Nice post, but I personally disagree. Since everyone in the blogosphere seems to be against "accurate" DPI handling ;-), I thought I'd write up a couple of reasons.
As a user, I do expect to be able to hold up a piece of paper, and it to match what I see perfectly. I've needed this numerous times to make replicas of door signs, letter heads, etc.. I've got used to the fact that I have to set the zoom level to ~90% on Windows, Linux, and to 130% on Mac. That's ridiculous, and as a user I want that fixed. I don't really care how it is implemented.
Maybe you can redefine 130% -> 100% in the word processor.
Maybe you can just declare that the whole UI is shrunk by 77% from "paper size" per default.
As someone interested in design and typography, it makes me cringe when I see someone set their brand new LCD to a non-native resolution because their "fonts are too small". Also I see people choose poor font sizes, because what they see on screen is different than what the get on paper. When I try to help and change the font size on screen, I've seen adults throw a fit because I "changed the perfectly good fonts on screen", not in the "wrong" printout.
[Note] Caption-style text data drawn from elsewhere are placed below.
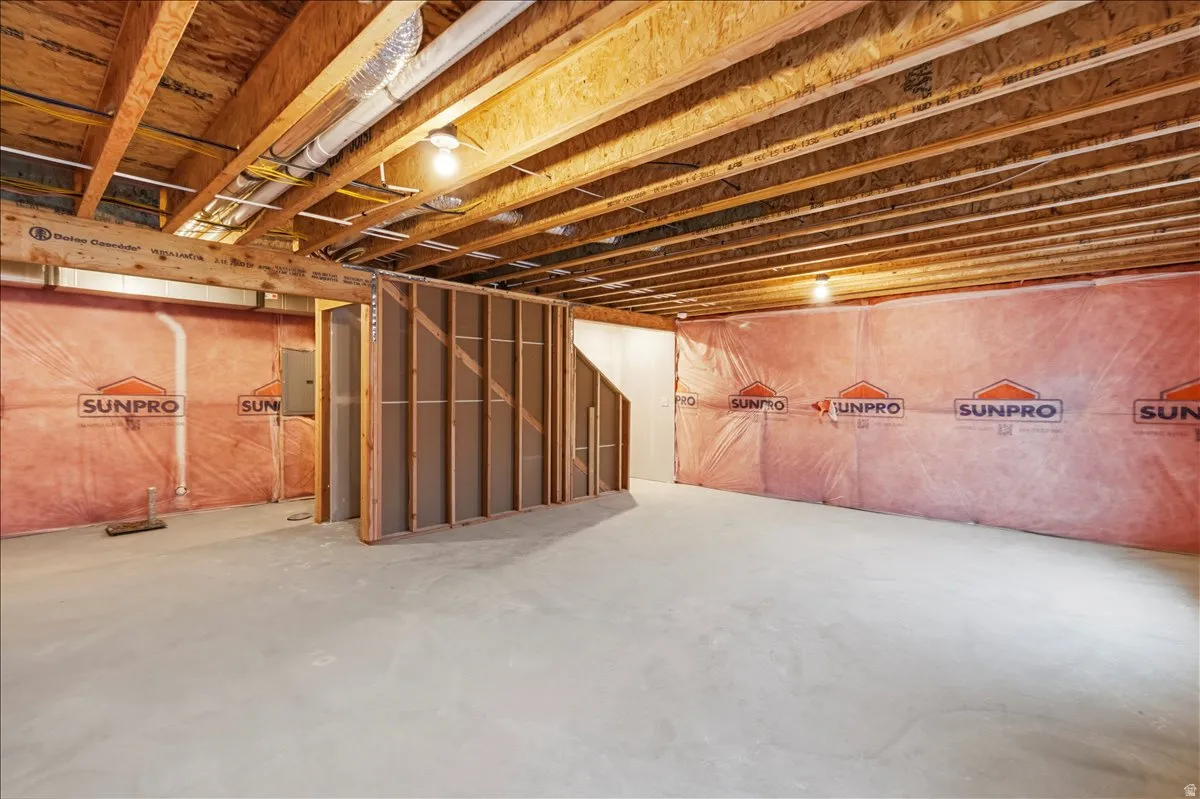 Unfinished basement featuring exposed wood joists, concrete flooring, and insulated perimeter walls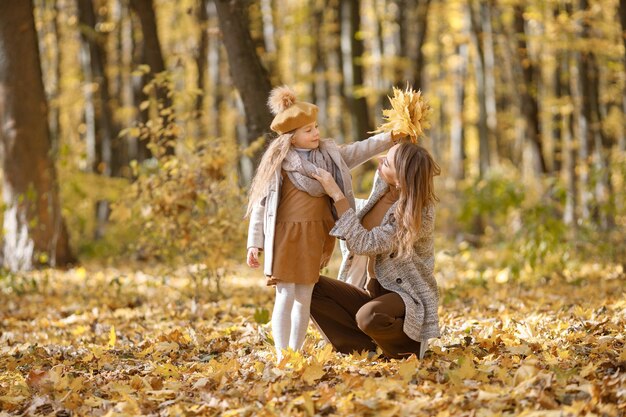 Young woman and little girl in autumn forest. Woman near her daughter who holding yellow leaves. Girl wearing fashion clothes.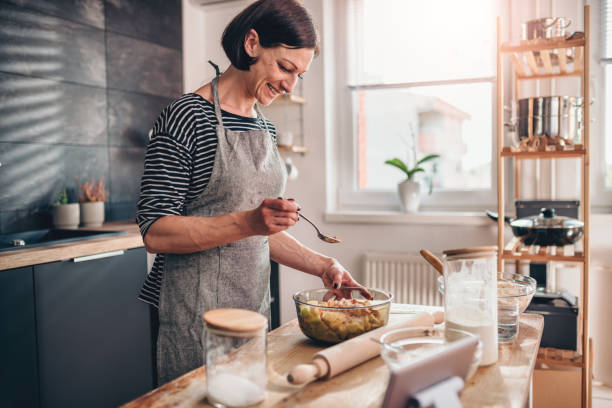 женщина делает яблочный пирог на деревянном столе - cooking thanksgiving women baking стоковые фото и изображения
As a developer, its frustrating to have no control over pixels and display sizes. Sometimes I want real pixels, sometimes I want "virtual pixels" (like MacOS HiDPI or in mobile browsers). Sometimes I want "old fashioned pt" (such that 12 pt on mac == 9 pt on linux), sometimes I want real world pt (such that I can hold up a piece of paper - unless the user has zoomed or is using accessibility features).
As a consumer, I'm angry that it is 2012 and we still don't have high resolution displays (>> 200 dpi). The main reason is that there is no software support - it's like chicken and egg. I think this is the single most important argument for proper DPI handling.
Btw. I think people often purposely misunderstand arguments in this discussion (a la build up the straw man, tear down the straw man). For example, nobody wants 12pt do be the same size on projectors, cell phones and displays. Thats crazy. But I want to put two different dpi monitors next to each other, drag a window over, and don't have the physical size of everything jump.
I think the way forward would be to:
Have all new programs use units. Distinguish between "traditional units" and "physical units".
Have the OS acknowledge the screen DPI. Leave an option to override it (the infamous on-screen ruler). Warn the user not to change it just to make things larger. (This changes physical units.)
Have a "scale factor for tradition's sake" that makes 12 pt large on Linux, and normal on Mac (for "pretend 72, 96dpi"), so users get the pt size they expect. Use this also as a screen-wide zoom, and for accessibility. (This changes traditional units.)
Make themes render everything smoothly with vectors, except 1or 2px sharp highlights.
Provide good tools to allow people to test their applications.
Something similar has already been implemented once for Gtk (but not included), so I think it shouldn't be too hard to do.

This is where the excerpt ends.